From the first line to the last, repeat the records exactly and skip the pictures.

Items from a data source
------------------------

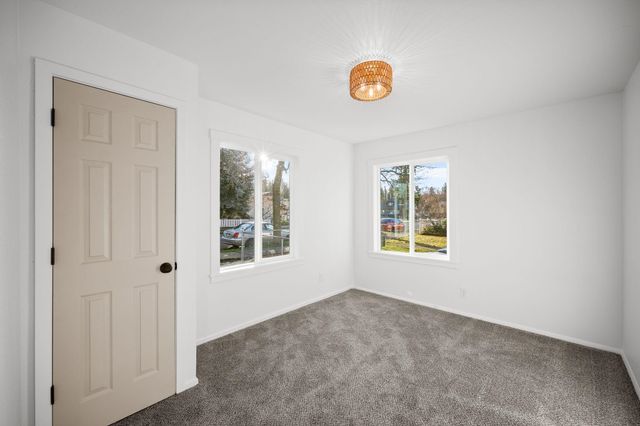 2113 E 5th Ave, Spokane, WA 99202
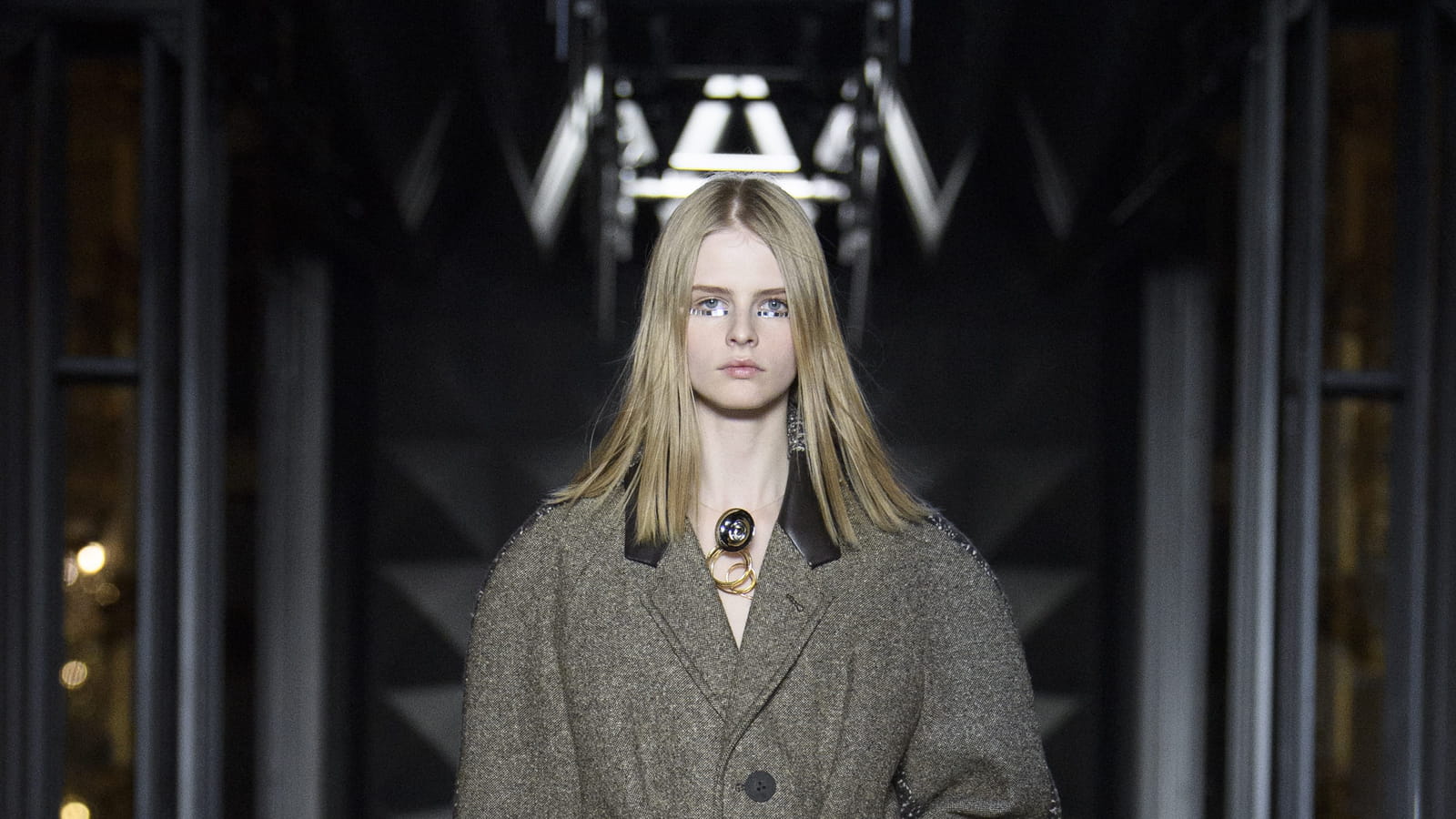 Look 16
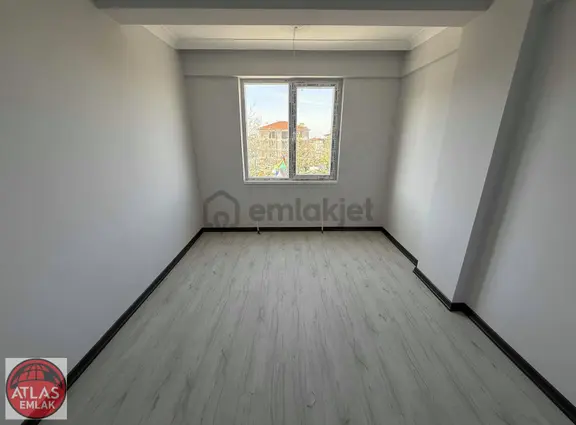 !!atlas Emlak'tan Yeşiltepede Ara Kat Masrafsız 3+1 Lüks Daire!! 2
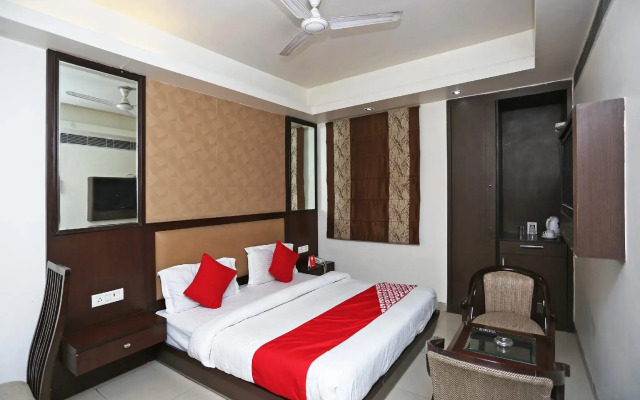 OYO 13758 XS Residency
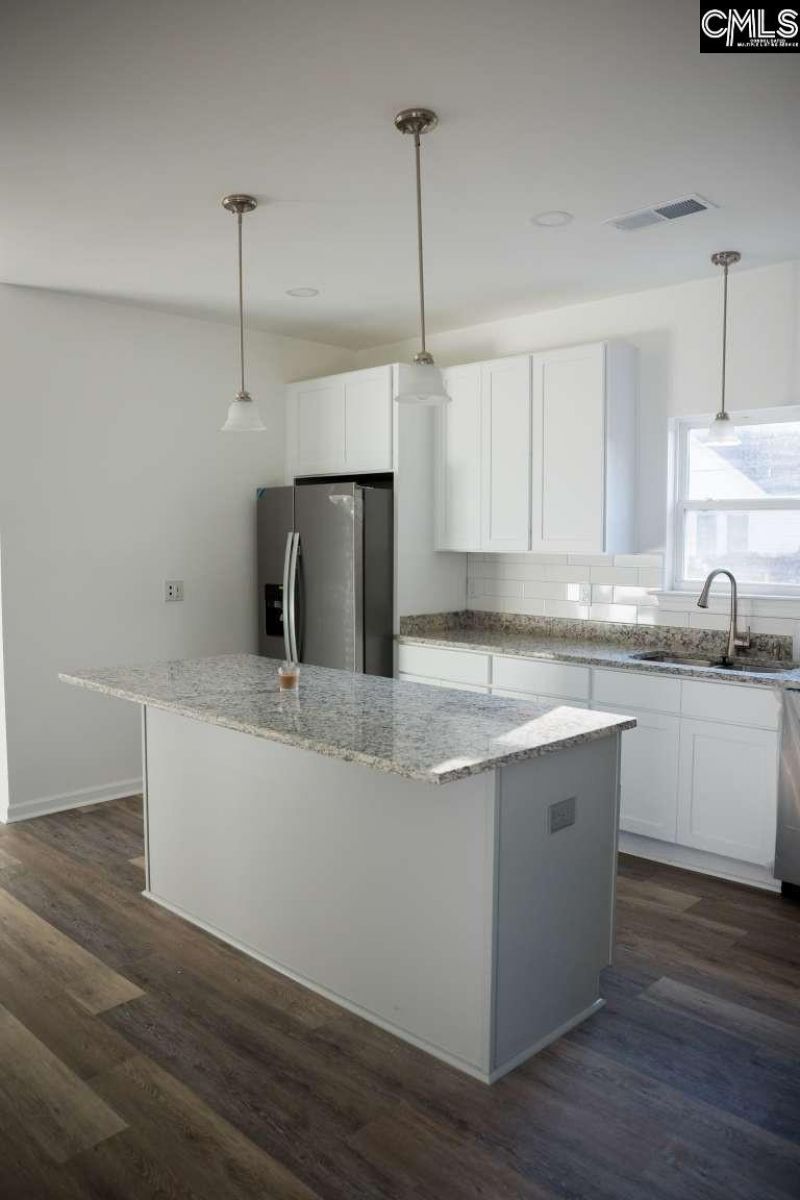 357 Wilson Street Photo 8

------------------------

• _Written response_:
 2113 E 5th Ave, Spokane, WA 99202
 Look 16
 !!atlas Emlak'tan Yeşiltepede Ara Kat Masrafsız 3+1 Lüks Daire!! 2
 OYO 13758 XS Residency
 357 Wilson Street Photo 8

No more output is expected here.